The Ojisary took his hand, glanced at it, and sighed.

“You need to be more careful, boy. Wait till I finish handing out the loaves, and I’ll bandage your hand, okay?”

At one point, as he saw one gwak push another to come forward, he clicked his tongue.

“Tsk! One at a time, kids, one at a time.”

When everyone had had their share, he proceeded to bandage the injured child’s hand while the rest of us watched and ate our breakfast. Whistling a cheerful tune, he applied a yellow stuff to the wound and wrapped it in a bandage, pausing at times to ask questions and joke. He had just told a silly joke about someone who, trimming a tree, realized that he was sitting on the wrong side of the branch and fell. More than one gwak laughed, and in spite of myself, I smiled.

“And where’s the newbie?” the Ojisary asked. I felt the gwaks turn around and their eyes land on me. “It’s you, isn’t it? Come here, come here. Tell me. Do you know some joke? Here in the well, newcomers must always tell one. Rule number one.”

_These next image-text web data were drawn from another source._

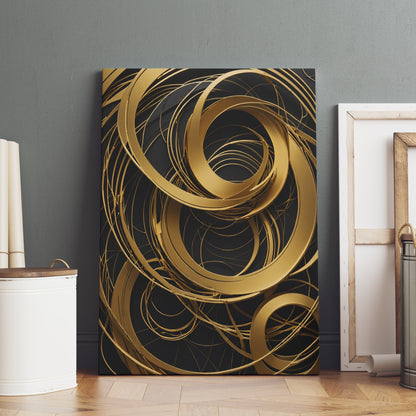 Celestial Harmony - Abstrakt Swirl Print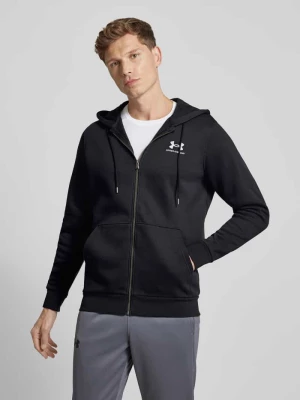 Bluza rozpinana z wyhaftowanym logo Under Armour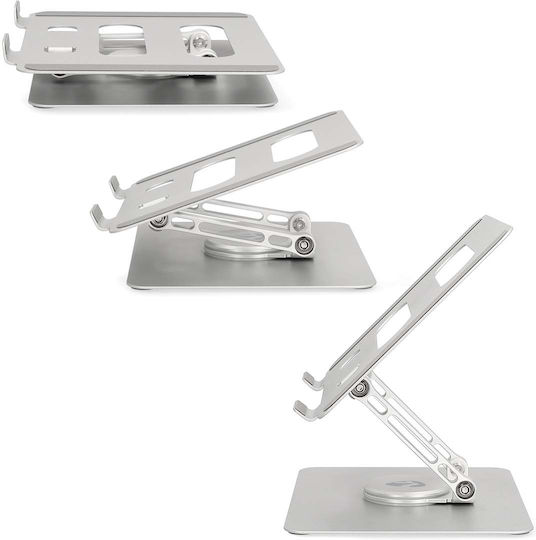 Nedis Laptop Stand for Up to 17 Inches Silver NBSTND110SI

I gave him a not-complying pout, but as the others waited for me to say something, I rolled my eyes.

“What, you don’t know any?” the Ojisary asked, surprised.

“Natural I do, I know quite a few,” I replied. I even knew jokes about bones and necromancers, but those would not have been very timely. I settled on one told to me by Garmon, the newsboy. I cleared my throat, swallowed the bread I had in my mouth, and after making sure that everyone was listening, I said in a low tone: “A man goes to buy shoes and sees some he likes, so he takes some nails out of his pocket and says to the cobbler: how many? The cobbler looks him up and down and says: well, you decide, sir, but usually people take two.”

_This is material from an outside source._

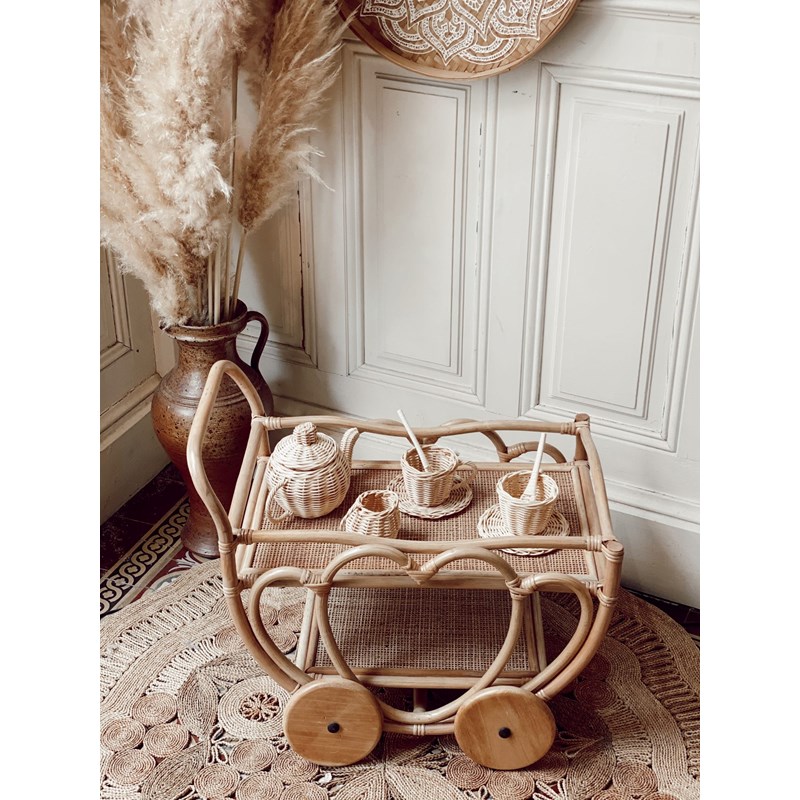 Desserte en rotin luna soul collection (Terracotta) - Couverture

The Ojisary burst out laughing with the gwaks and said:

“That’s a good one, very good. Welcome to the pranksters’ club!” He ruffled the hair of the kid with the injured hand. “Done, kiddo, it’s healed. Try using the other hand for fishing, it runs? Okay, enough kidding: back to work! Today it will be sixty-seven pearls, just like yesterday. Don’t fight and behave yourselves. See you tomorrow!”

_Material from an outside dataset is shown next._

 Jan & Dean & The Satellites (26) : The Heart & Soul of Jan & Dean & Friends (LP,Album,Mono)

“Tomorrow, sir!” we said in chorus.

The Ojisary went with his lantern into the tunnel, I saw him go up the stairs, and—bong!—the metal door closed.

I gobbled up what was left of my breakfast, and looking for Yerris, I saw him at last in the cave of light, already departing to go fishing. I rushed towards him with the intention of catching up to him, but when I reached the other cavern, he was already disappearing into one of the three tunnels of light, moving with strange agility. The other gwaks were a little slower to decide to go to work. Some were wandering around the platform, others were squabbling, bickering, and joking, making quite a racket, having recovered all their energy. Rogan, however, had followed me, and after a silence, he said:

“You know what I think, shyur? That the Black Cat is looking for a way out. But he doesn’t realize that, right now, he’s the only one who can get that far down these tunnels.” His dark eyes glowed under the light of the white foam. He concluded in a low voice, “Then, if he makes it out, he’ll make it out alone.” He shrugged and smiled at me, “A good joke, the one you told us earlier. I’m sure the Masked One will ask you for another one tomorrow: that guy loves jokes, even the bad ones.” He ruffled my hair. “Enjoy your last holiday bong, shyur.”

With a shudder, I saw the Priest fearlessly walk away to a different tunnel than the one Yerris had taken. The light engulfed him.